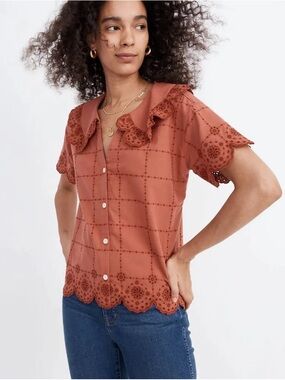 Madewell Rust Eyelet Scalloped Button-Down Blouse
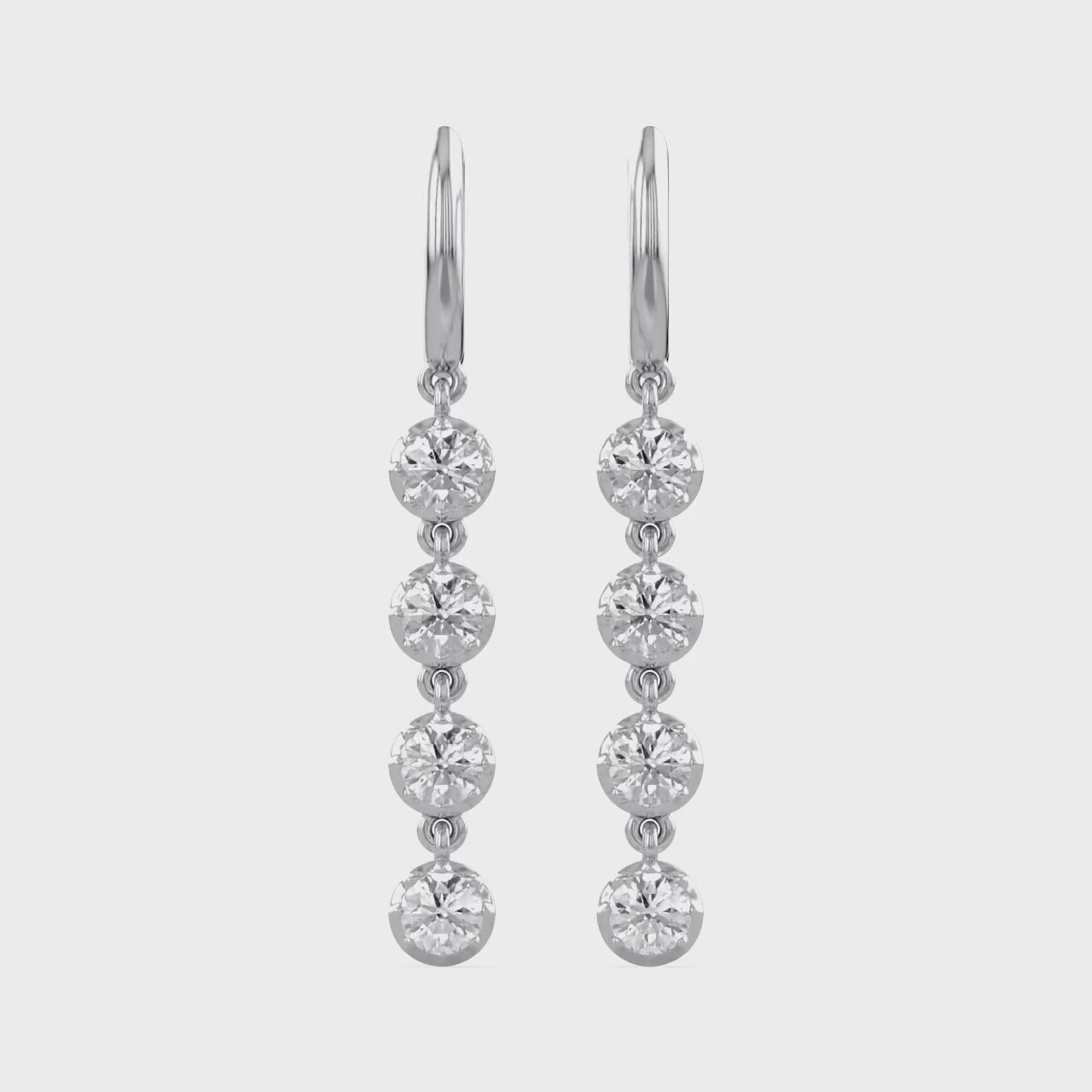 2.00 CT Round Cut Lab Grown Diamond Liner Drop Earrings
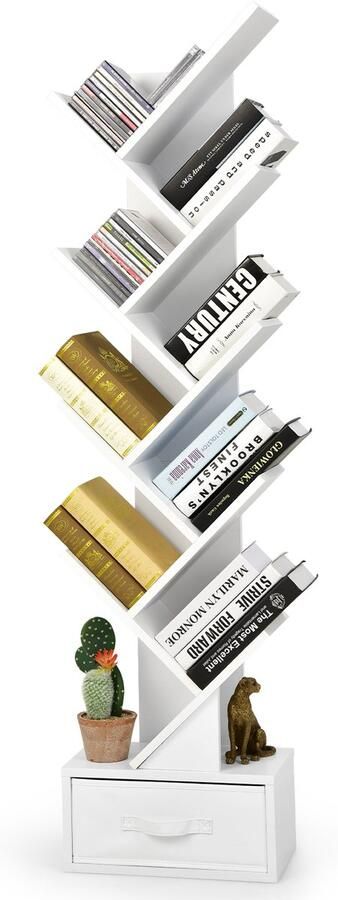 Costway Boekenkast met lade 8 verdiepingen staand rek boomvorm cd- en dvd-plank voor slaapkamer woonkamer en thuiskantoor 38 x 21 5 x 149 5 cm (wit)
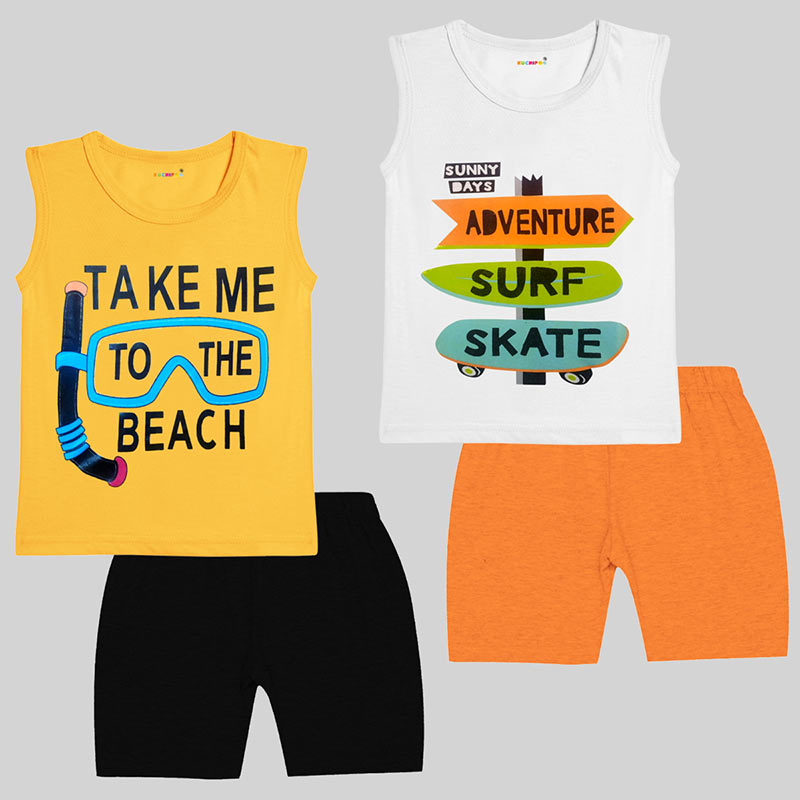 KUCHIPOO BOYS SLEEVELESS T-SHIRTS AND SHORTS SET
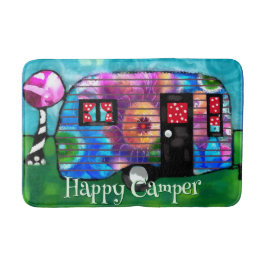 Vintage Abstract Camp Trailer Floral Personalized Badematte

----------

Task statement
Copy these entries precisely and drop any picture.

Result for this exercise
 Madewell Rust Eyelet Scalloped Button-Down Blouse
 2.00 CT Round Cut Lab Grown Diamond Liner Drop Earrings
 Costway Boekenkast met lade 8 verdiepingen staand rek boomvorm cd- en dvd-plank voor slaapkamer woonkamer en thuiskantoor 38 x 21 5 x 149 5 cm (wit)
 KUCHIPOO BOYS SLEEVELESS T-SHIRTS AND SHORTS SET
 Vintage Abstract Camp Trailer Floral Personalized Badematte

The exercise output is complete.